What the task requires: Please repeat exactly the line containing "2112 Coral Drive, Arlington, TX 76010" and each line after it in the records below, through the last.

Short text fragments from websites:
* * *

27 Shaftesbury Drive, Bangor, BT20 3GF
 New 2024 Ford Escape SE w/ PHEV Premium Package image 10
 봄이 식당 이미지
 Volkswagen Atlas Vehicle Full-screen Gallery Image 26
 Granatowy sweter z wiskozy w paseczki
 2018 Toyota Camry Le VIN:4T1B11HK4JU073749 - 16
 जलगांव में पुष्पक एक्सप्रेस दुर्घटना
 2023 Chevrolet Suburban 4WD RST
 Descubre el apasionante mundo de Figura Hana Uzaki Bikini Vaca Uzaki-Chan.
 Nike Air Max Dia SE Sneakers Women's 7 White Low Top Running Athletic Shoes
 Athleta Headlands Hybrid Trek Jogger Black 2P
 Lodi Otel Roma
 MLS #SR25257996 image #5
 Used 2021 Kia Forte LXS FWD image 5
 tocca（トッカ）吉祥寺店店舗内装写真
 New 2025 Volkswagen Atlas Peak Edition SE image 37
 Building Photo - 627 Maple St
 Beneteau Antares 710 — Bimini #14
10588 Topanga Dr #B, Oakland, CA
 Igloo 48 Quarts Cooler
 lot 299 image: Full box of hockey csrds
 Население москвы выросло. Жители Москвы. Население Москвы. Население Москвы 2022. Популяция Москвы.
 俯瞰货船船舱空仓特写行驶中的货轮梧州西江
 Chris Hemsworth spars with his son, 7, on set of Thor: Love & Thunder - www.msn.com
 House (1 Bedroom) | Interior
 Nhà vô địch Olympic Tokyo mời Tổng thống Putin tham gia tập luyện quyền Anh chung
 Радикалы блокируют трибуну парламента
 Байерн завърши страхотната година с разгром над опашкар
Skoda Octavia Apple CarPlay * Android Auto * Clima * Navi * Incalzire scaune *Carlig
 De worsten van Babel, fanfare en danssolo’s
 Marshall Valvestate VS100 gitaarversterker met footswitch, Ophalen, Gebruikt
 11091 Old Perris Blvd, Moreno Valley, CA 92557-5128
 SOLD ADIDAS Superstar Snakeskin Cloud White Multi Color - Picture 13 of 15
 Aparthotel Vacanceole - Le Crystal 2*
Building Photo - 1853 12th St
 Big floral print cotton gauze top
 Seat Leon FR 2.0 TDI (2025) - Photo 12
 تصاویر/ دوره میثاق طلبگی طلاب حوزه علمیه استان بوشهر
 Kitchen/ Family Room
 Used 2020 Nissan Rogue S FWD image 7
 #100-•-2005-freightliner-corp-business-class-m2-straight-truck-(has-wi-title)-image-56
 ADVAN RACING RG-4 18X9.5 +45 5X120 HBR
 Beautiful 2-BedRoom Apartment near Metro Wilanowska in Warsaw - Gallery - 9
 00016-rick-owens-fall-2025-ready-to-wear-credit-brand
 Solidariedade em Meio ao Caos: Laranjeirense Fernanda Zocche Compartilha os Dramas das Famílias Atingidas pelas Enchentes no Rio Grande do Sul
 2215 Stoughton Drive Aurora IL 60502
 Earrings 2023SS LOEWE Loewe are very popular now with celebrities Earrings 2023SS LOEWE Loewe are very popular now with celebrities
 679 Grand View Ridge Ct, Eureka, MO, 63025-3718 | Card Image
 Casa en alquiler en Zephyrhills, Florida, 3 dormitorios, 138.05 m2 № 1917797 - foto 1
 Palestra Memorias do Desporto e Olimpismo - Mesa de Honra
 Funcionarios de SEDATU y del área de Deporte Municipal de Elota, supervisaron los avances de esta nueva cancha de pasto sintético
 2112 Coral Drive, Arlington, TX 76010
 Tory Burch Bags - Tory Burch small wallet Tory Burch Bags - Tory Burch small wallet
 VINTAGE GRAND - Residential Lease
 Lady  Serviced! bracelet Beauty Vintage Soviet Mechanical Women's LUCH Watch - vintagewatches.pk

* * *

Response below:
 2112 Coral Drive, Arlington, TX 76010
 Tory Burch Bags - Tory Burch small wallet Tory Burch Bags - Tory Burch small wallet
 VINTAGE GRAND - Residential Lease
 Lady  Serviced! bracelet Beauty Vintage Soviet Mechanical Women's LUCH Watch - vintagewatches.pk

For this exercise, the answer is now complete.